Exercises | ItaniumR Architecture for Programmers. Understanding 64-Bit Processors and EPIC Principles

1:	Why do you think that MISD has been the least-used category in Flynn's classification of computing systems?
2:	(Manual search) The PA-RISC `PERMUTE` instruction selects any combination of four 16-bit segments from a source register and places that combination in a result register. Find out which Itanium integer parallel instruction (Table 12-2) has corresponding capabilities.
3:	Suppose that registers `r14` and `r15` contain the ASCII strings `"00000000"` and `"99999999"` respectively, and that register `r16` contains an arbitrary string of eight characters. Find out whether the comments in the following code sequence are appropriate: pcmp1.gt r8 = r14,r16 // if some char < "0" or pcmp1.gt r9 = r16,r15;; // if some char > "9" then cmp.ne p6,p0 = r8,r0 // p6 = true or cmp.ne p7,p0 = r9,r0 // p7 = true; so that (p6) br.cond.spnt error // this branch executes or (p7) br.cond.spnt error;; // this branch executes Explain why two instruction groups are required here.
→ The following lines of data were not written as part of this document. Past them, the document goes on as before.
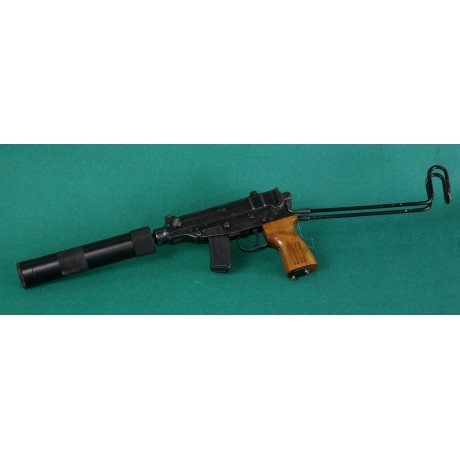 Samonabíjecí puška SA 61 s tlumičem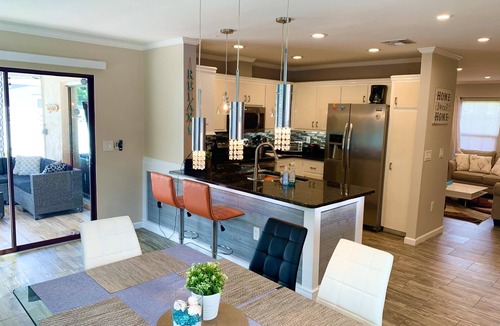 South Venice House | Perfect home away, modern amenities, Salt Heated Pool ~ Close to S. Venice Beach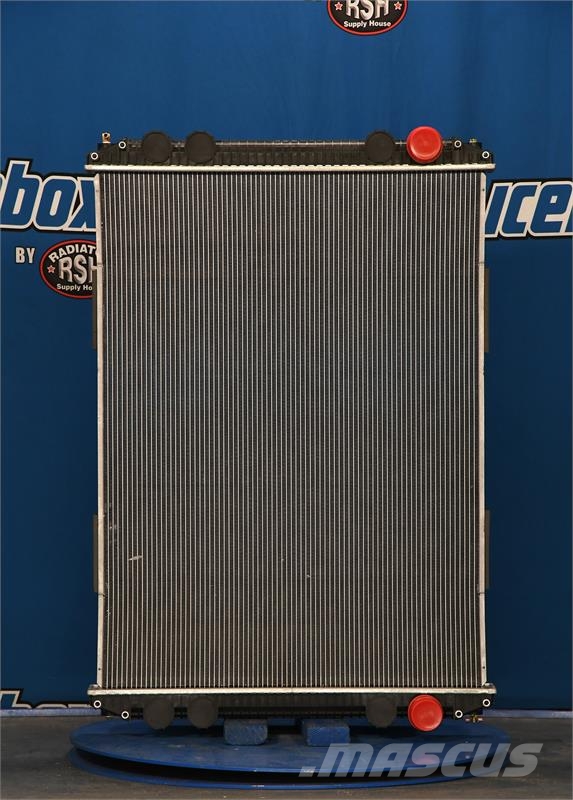 Freightliner Century, FLD 120, Columbia M2 Radiator # 601056 ラジエター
4:	Provide an algebraic rationalization for one of the multiplication algorithms in Section 12.3.2, citing the reference sources that you consult for understanding either the method or the Itanium instructions.
5:	Define the parity of a 64-bit value as 0 if the total number of 1 bits is even or as 1 if the total number of 1 bits is odd. Write a concise Itanium instruction sequence that computes in register `ret0` the parity of the value in register `in0`: (a) using the `popcnt` `r1` = `r3` instruction that sets register `r1` equal to the number of 1 bits found in register `r3`; or (b) using any Itanium instructions except `popcnt`.
6:	(Manual search) Describe the operation of the `czx` Itanium instructions. Discuss how they could be used in a sequence that: (a) determines the length of a null-terminated string; or (b) determines the address of the last byte of a null-terminated string.
7:	(Manual search) Floating-point register `f1` contains one copy of the constant +1.0, which enables the implementation of `fadd` and `fmpy` as pseudo-ops of the fundamental three-operand fused multiply add operation for full-width data. Show how to use the `fpack` instruction to place two copies of +1.0 into a chosen floating-point register and then explain how to derive floating-point parallel addition and subtraction as special cases of the `fpma`, `fpms`, and/or `fpnma` instructions. Explain why register `f1` would not suit this purpose.